Но этого времени уже нет  – в назначенное время центр Москвы уже будет охвачен столкновениями. Переговоры не влияли на активность «улицы», не сопровождались прекращением массовых акций, и «улица» сама вмешалась в процесс. Во второй половине дня 2 октября митингующие захватили участок Садового кольца у Смоленской площади, и вскоре на переговоры пожаловали представители «городских партизан». Из милицейских радиопереговоров: «Сейчас представители Анпилова подойдут и поведете их в Даниловский монастырь».

3 октября 1993 года,  воскресенье.

Теперь уже парламентская сторона «комментирует» переговоры. Хасбулатов говорит, что «Пытаются использовать миротворческую миссию Патриарха в своих злодейских, интриганских интересах», и представляющая парламент Домнина на переговорах вынуждена оправдываться: «...интервью я не видела, Хасбулатов, наоборот, подчеркнул, что та миссия, с которой выступила Церковь... Мы ни в коем случае не должны эти переговоры прекращать... Надо сделать все, чтобы здесь найти какие-то...».
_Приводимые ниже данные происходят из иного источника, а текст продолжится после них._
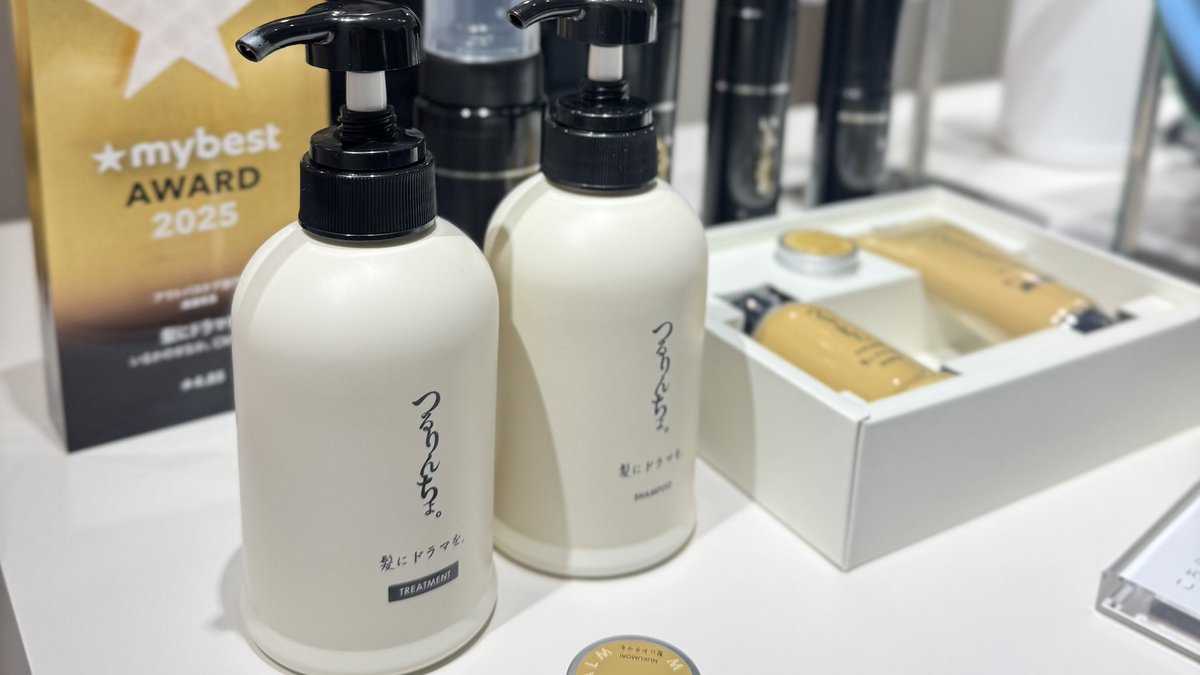 りんちょ。ページです。 つるりんちょ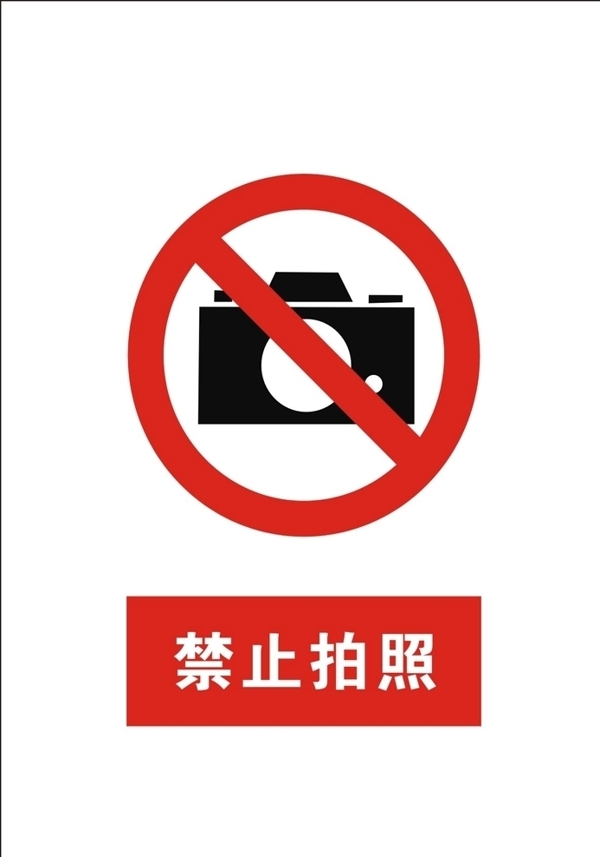 禁止拍照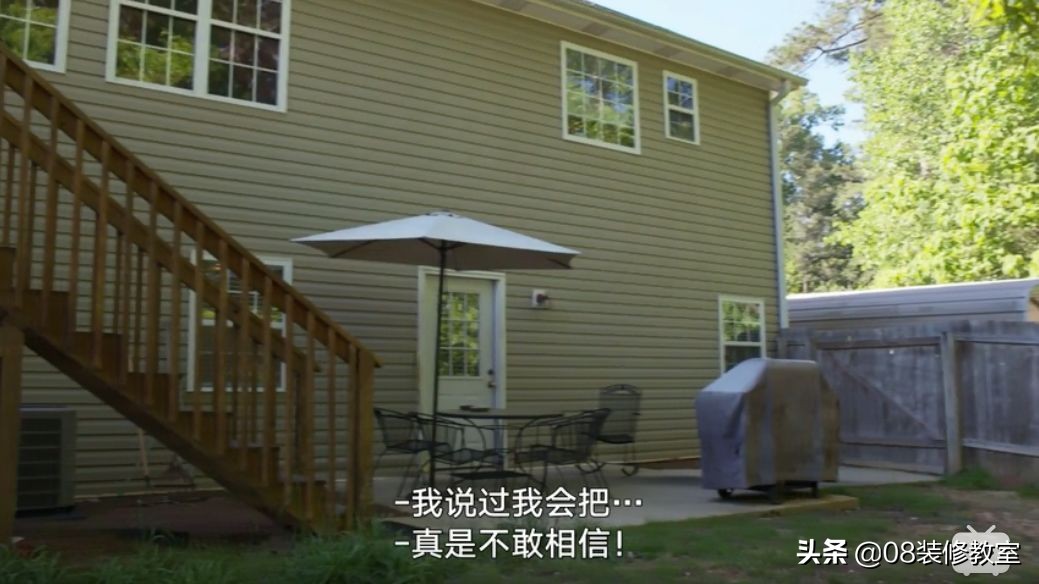 豆瓣9.6，这才是真正的装修改造！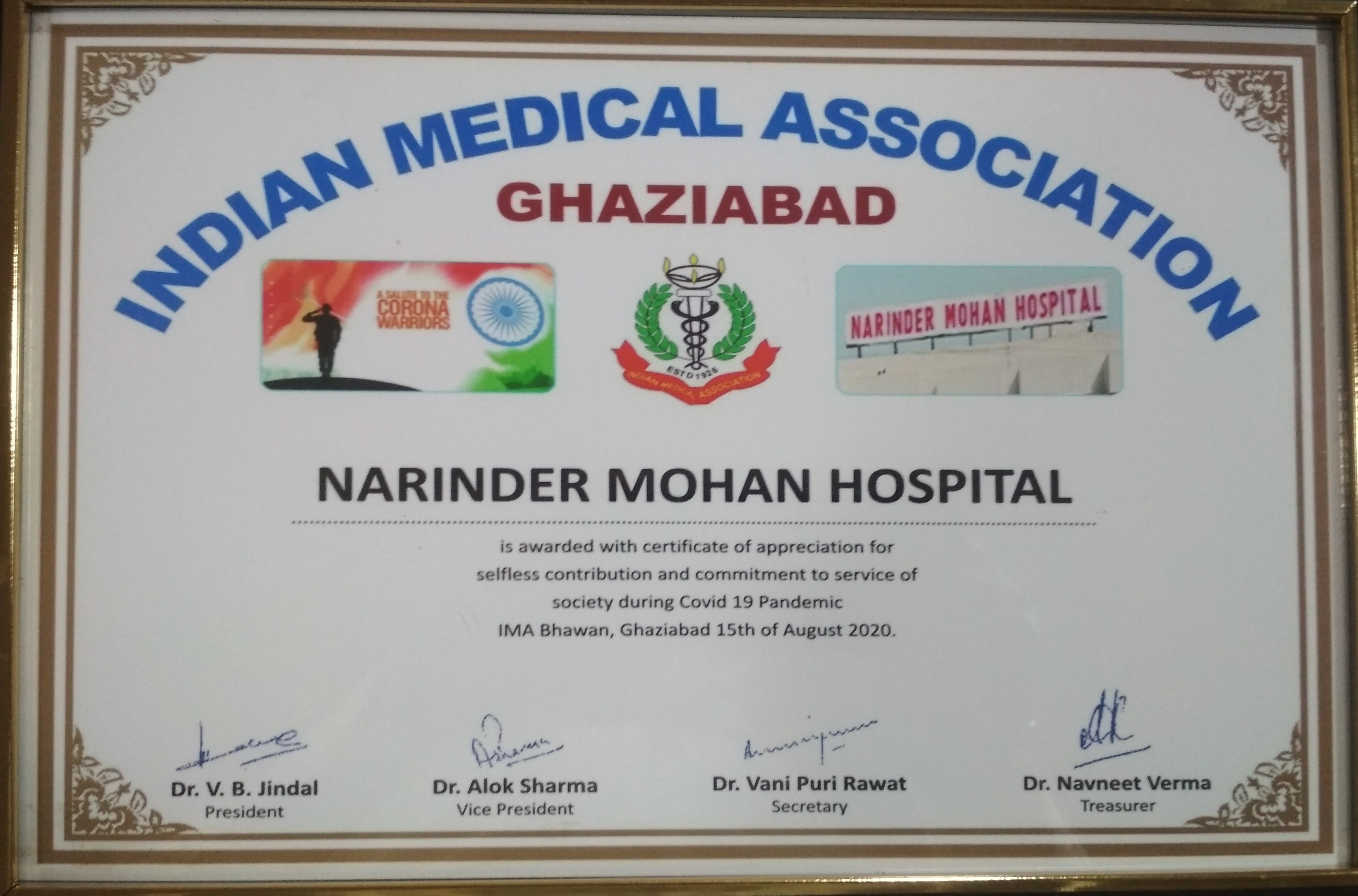 Narinder Mohan Hospital Heart Centre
Но это всё уже бессмысленно. Даже радиообмен между милиционерами, отслеживающими и обеспечивающими передвижения делегаций, приобретает оттенок абсурда. Около 8:30.

«Памир» – «Юган-5» [один из заместителей начальнику УООП] – «Памиру». Икону из Третьяковки надо везти не в Белый Дом, а в Елоховский. ... – 09:15. «Памир», «Омск» [Кононов, зам. начальника ГУВД]. Патриарх заблудился, заблудился. Они его послали совсем в другую сторону.

Около 16:00, когда толпа уже прорвалась к Белому Дому, отмитинговала перед балконом и получила напутствие – идти на мэрию и в Останкино, «переговорный процесс» продолжался. Его шестерёнки как бы крутились в пустоте.

Около 15:55. Формирование отрядов «Трудовой России» и РНЕ.

«Михнево» [начальник УВД Центрального административного округа]   7-1, я «Михнево». – 71-й [командир одного из нарядов] – На приеме. – «Михнево» Вы где? 71-й По центру, на своем месте. Прибывают, строются в колонны и штурмовать мэрию. ... Площадь у меня вся заполнена там. <…> 61-й [командир одного из милицейских нарядов в кольце блокирования] – «Дунай» [КП шт.ООП ГУВД] – 61-му. – «Дунай» – «61-й, «Дунаю». – 61-й – Выезжает из Белого Дома Воронин на переговоры на Краснопресненскую набережную в сторону ГМЦ. Выпускаем? – «Дунай» – Разберемся. – 61-й – Они говорят, что торопятся, ждут». <…> 61-й – «Дунай» – 61-му. – «Дунай» – «На связи «Дунай». – 61-й – Ну что в отношении четырех машин на переговоры? – «Дунай» – Дают добро. <…> – ...мы в тяжелом... – «Памир» Как обстановка?  «Михнево» Очень сложная. Атакуют штаб. ... Руцкой – ...частей дивизии Дзержинского, к вам обращается генерал-майор Руцкой ...  Командиры дивизии...

Между тем переговоры продолжаются. Только спустя значительное время (по стенограмме – десять страниц!) случайно становится известно о событиях у Белого Дома:  «Митрополит Кирилл:

– Во время выступления Лужкова Воронин обронил фразу, что мэрия захвачена. Это что такое?  Воронин:

– Только что мне... Абдулатипов звонил, якобы с другой стороны демонстранты подошли к мэрии и вошли в здание. ...» И, после недолгого обсуждения, «в связи с событиями, происходящими в Москве, принято решение прервать переговоры до 20 часов».

За полчаса до истечения этого срока начнётся кровопролитие в Останкино.